159.07.02 – INDIVIDUAL BUSINESSES
Maximum number of signs. Except as otherwise specifically stated in these regulations, no more than two (2) business signs, of any type shall be permitted for each street frontage on a lot on which an individual business is located.
159.10.03 – IMPOUNDMENT OF SIGNS
(A) If any sign requiring a permit is erected without a permit, or if any sign is erected in violation of these regulations, the Town Administrator shall have the authority to give the owner thereof written notice of such violation. The notice shall include a brief statement of the particulars in which the violation is to be remedied. If the sign has been permitted, notice to the person receiving the permit shall be sufficient. If a sign has not been permitted, and the owner is not known, a highly visible sticker reading “VIOLATION” shall be attached to the sign for a period of ten (10) days. If the sign owner cannot be found, the duty to perform corrections or removal of the sign will be upon the property owner on whose property the sign is located.

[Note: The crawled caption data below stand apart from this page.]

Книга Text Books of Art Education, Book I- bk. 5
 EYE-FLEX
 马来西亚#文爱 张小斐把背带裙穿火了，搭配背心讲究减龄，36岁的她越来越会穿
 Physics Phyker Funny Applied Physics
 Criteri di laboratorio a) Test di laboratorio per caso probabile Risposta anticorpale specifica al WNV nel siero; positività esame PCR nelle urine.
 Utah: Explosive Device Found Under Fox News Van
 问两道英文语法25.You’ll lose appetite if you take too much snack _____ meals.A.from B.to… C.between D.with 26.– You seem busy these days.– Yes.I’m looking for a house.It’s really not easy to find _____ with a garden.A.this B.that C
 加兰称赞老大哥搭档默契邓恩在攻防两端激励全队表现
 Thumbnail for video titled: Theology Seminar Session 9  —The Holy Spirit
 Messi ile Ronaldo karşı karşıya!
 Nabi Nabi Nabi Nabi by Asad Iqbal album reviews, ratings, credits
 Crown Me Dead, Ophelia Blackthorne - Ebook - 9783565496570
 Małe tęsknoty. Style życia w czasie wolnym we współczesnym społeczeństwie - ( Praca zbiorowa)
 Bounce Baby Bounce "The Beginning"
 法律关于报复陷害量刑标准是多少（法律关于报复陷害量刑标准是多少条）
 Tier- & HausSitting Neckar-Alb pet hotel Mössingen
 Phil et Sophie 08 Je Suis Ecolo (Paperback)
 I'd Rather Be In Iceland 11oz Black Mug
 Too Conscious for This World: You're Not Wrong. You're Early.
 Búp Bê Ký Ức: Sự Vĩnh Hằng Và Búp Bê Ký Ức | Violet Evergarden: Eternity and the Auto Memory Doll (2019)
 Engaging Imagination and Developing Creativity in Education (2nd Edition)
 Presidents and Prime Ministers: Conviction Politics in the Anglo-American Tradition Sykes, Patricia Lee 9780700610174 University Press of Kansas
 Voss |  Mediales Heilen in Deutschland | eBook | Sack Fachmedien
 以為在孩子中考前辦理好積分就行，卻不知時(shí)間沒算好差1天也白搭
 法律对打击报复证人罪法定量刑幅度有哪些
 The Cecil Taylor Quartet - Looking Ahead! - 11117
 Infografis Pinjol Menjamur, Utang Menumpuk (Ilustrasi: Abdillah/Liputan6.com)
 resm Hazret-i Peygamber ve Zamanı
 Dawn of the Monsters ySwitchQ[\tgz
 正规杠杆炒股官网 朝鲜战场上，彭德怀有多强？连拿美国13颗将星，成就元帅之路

(B) If within ten (10) days the owner of the sign fails to contact the Zoning Administrator, bring the sign into conformance with these regulations, and obtain a sign permit, the Building Official shall have the authority to have the sign removed and impounded without further notice and the cost of removal shall constitute a lien against the property on which the sign is located. The Town shall not be liable for any damage to the sign or property as a result of such removal.
(C) The Zoning Administrator shall have the authority to remove and impound, without notice to the owners thereof, any signs placed within any street right-of-way, signs attached to trees, rocks or other natural features, and signs attached to telephone and utility poles.
159.10.04 – VIOLATIONS AND PENALTIES
(A) Any person violating, by act or omission, any provision of this chapter shall be guilty of a misdemeanor and shall be punishable by a fine not exceeding five hundred dollars ($500.00), thirty (30) days in jail, or both, at the discretion of the court.
(B) Where such an act or omission is continued in violation of the provisions of this chapter after notice of such violation by the Zoning Administrator, each and every day during which such act or omission continues shall be deemed a separate violation.
(C) The owner or tenant of any building, structure, premises, or part thereof, and any sign company, contractor, architect, surveyor, builder, engineer, agent or other person who commits, participates in, assists in or maintains such violations may each be found guilty of a separate offense and suffer the penalties herein provided.